We also found that addition and scalar multiplication work the same way in both vector spaces:

${\begin{array}{ccc}{\color {Red}7}x^{2}&+{\color {OliveGreen}3}x&+({\color {NavyBlue}-2})&\leftrightarrow &({\color {Red}7},{\color {OliveGreen}3},{\color {NavyBlue}-2})^{T}\\&+&&&+\\{\color {Red}1}x^{2}&+{\color {OliveGreen}0}x&+{\color {NavyBlue}6}&\leftrightarrow &({\color {Red}1},{\color {OliveGreen}0},{\color {NavyBlue}6})^{T}\\&=&&&=\\{\color {Red}8}x^{2}&+{\color {OliveGreen}3}x&+{\color {NavyBlue}4}&\leftrightarrow &({\color {Red}8},{\color {OliveGreen}3},{\color {NavyBlue}4})^{T}\end{array}}$

${\begin{array}{ccc}&-1&&&-1\\&\cdot &&&\cdot \\{\color {Red}7}x^{2}&+{\color {OliveGreen}3}x&+({\color {NavyBlue}-2})&\leftrightarrow &({\color {Red}7},{\color {OliveGreen}3},{\color {NavyBlue}-2})^{T}\\&=&&&=\\{\color {Red}-7}x^{2}&+({\color {OliveGreen}-3})x&+{\color {NavyBlue}2}&\leftrightarrow &({\color {Red}-7},{\color {OliveGreen}-3},{\color {NavyBlue}2})^{T}\\\end{array}}$

In general, vector spaces can be thought of as sets with some structure. In our example, we can match the sets 1 to 1. And also the structures (i.e. addition and multiplication) can be matched. So both vector spaces "essentially carry the same information", although they formally comprise different objects. In such a case, we will call the two vector spaces isomorphic (to each other). The bijection which identifies the two vector spaces is then called an isomorphism.

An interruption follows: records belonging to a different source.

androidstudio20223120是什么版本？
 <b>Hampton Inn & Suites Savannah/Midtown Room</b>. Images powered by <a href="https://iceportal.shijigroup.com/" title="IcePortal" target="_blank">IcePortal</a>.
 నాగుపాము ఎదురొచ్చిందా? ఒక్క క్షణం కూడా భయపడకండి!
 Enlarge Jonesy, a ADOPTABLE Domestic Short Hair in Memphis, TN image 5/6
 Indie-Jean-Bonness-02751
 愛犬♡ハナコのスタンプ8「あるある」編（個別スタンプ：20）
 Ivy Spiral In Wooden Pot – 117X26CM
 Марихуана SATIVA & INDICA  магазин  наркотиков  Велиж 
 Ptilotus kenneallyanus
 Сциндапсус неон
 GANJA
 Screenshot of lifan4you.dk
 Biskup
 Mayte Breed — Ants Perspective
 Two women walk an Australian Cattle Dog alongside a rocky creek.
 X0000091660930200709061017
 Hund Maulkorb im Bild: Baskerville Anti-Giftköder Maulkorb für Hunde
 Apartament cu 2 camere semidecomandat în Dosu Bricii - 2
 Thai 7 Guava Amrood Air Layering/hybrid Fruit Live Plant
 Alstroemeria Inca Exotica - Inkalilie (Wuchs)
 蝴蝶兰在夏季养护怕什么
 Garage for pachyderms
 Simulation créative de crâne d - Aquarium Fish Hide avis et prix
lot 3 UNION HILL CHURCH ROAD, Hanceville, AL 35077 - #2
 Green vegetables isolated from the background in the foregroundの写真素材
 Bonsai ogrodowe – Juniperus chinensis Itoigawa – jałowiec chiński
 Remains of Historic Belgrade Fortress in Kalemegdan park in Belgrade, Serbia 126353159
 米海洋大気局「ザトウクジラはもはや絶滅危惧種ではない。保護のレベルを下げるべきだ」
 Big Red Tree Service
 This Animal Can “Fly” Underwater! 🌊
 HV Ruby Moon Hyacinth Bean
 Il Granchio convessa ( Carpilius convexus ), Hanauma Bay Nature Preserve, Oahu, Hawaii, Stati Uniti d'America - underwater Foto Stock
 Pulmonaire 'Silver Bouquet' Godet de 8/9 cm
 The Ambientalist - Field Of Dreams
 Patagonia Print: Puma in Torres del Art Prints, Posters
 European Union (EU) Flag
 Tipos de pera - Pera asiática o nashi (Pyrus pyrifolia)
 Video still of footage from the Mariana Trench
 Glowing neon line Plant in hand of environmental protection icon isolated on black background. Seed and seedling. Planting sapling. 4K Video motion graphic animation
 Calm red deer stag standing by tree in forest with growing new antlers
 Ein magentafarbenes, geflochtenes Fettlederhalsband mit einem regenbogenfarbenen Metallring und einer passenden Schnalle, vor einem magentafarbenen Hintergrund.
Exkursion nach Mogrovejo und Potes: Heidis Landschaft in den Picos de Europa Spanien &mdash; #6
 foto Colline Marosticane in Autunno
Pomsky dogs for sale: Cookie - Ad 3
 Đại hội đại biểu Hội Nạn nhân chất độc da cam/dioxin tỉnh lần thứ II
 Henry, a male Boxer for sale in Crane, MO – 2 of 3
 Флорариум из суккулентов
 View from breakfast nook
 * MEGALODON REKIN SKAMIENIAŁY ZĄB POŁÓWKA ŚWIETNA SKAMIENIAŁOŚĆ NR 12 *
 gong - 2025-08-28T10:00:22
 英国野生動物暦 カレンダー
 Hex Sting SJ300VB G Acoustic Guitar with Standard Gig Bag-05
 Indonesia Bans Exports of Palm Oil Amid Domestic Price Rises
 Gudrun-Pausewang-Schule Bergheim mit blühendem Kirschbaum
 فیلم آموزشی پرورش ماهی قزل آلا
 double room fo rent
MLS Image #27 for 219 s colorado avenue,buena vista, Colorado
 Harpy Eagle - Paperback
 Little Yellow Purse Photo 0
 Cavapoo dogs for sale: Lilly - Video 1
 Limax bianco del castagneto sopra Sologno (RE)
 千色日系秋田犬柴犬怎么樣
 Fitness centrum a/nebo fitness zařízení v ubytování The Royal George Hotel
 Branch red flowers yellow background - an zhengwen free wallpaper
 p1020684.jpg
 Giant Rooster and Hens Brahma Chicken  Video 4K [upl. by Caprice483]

We now derive what the mathematical definition is of "two vector spaces $V$ and $W$ are isomorphic":

The identification of the ``sets`` is given by a bijective mapping $f:V\to W$ . Preserving the structure means that addition and scalar multiplication are preserved when mapping back and forth with $f$ and $f^{-1}$ . But "preserving addition and scalar multiplication" for a mapping between vector spaces is nothing else than "being linear". So we want $f$ and $f^{-1}$ to be linear.

Definition (Isomorphic)

The vector spaces $V$ and $W$ are isomorphic if there is a bijective map $f\colon V\to W$ between them such that $f$ and $f^{-1}$ are linear. We then write $V\cong W$ .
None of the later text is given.